Walsh, J; Sulaiman, J; Lindsay, J

Final Decision

Dismissed

Judgement Text

Translate:

Lindsay, J.@mdashThese two matters have been consolidated and heard together by a Full Bench in order to decide the legality and the scope of

the rules which this High Court has made with reference to the necessity of filing with the memorandum of appeal in a second appeal, a copy of the

first court''s judgment.

2. The facts of the two cases do not materially differ. In Bhairon Ghutam v. Ram Autar Singh, the lower appellate court''s judgment, against which

it is sought to appeal, was dated the 16th of July, 1920. The memorandum of appeal was presented to this Court on the 25th day of October,

1920, the first day on which the Court was open after the long vacation and the last day prescribed by law for presenting or preferring the appeal.

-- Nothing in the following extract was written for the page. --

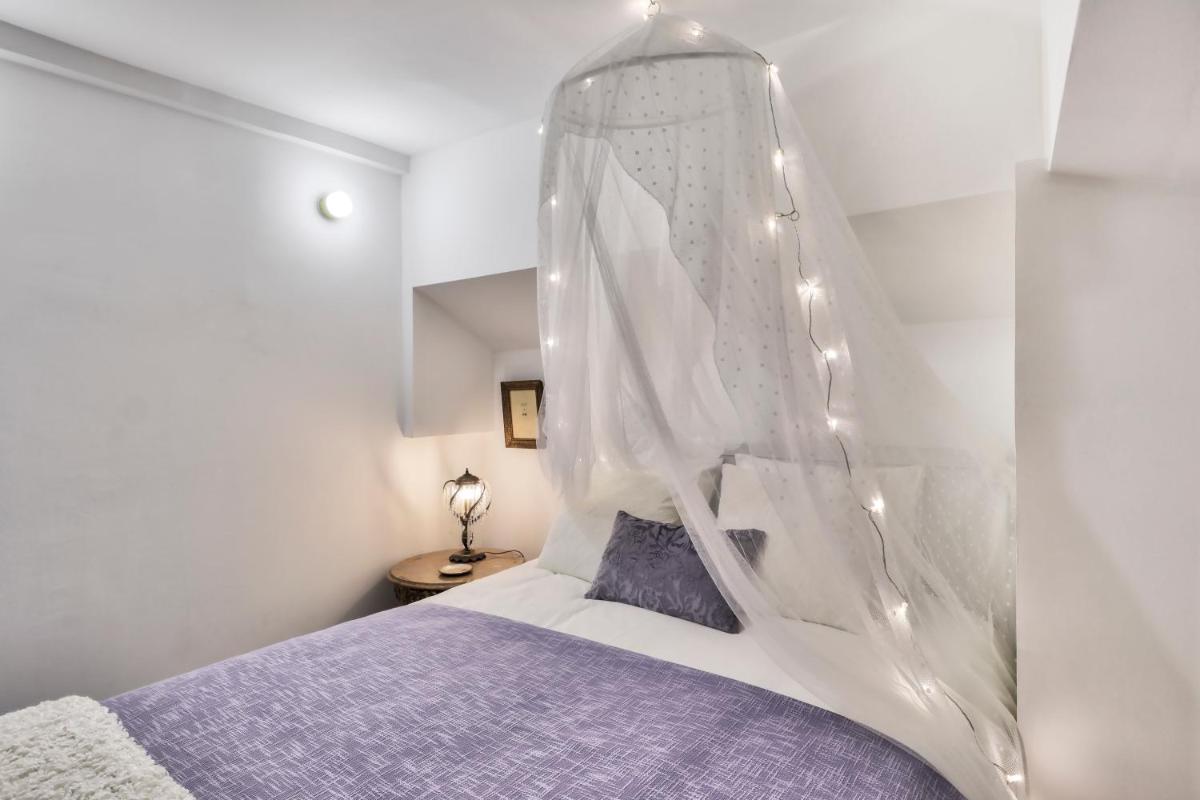 Alfama Cosy & Charming - Housity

It was accompanied by a copy of the decree and of the lower court''s judgment but by no copy of the first court''s judgment. The appellant had

been supplied with this as long ago as the 20th of August, 1920, but he did not file it until the 16th of December, 1920, when notice was issued to

the other side to show cause why the appeal should not be admitted beyond time.

3. In Chandrabhan Singh v. Chaudhri Lekhraj Singh the date of the lower court''s decree was the 1st of July, 1920. The memorandum of appeal

was presented to this Court on the 25th day of October, 1920, being, as in the other case, the first day on which the Court was open after the long

vacation and the last day prescribed by law for presenting or preferring the appeal. It, also, was not accompanied by any copy of the first court''s

judgment, which was filed on the 6th of January, 1921. In this case also notice was issued to the other side to show cause why the appeal should

not be admitted out of time.

4. In neither case was any ground shown, either by affidavit or otherwise, why any extension of time or consideration should be extended to the

appellant which could be held to amount to ""sufficient cause"" within Section 5 of the Limitation Act.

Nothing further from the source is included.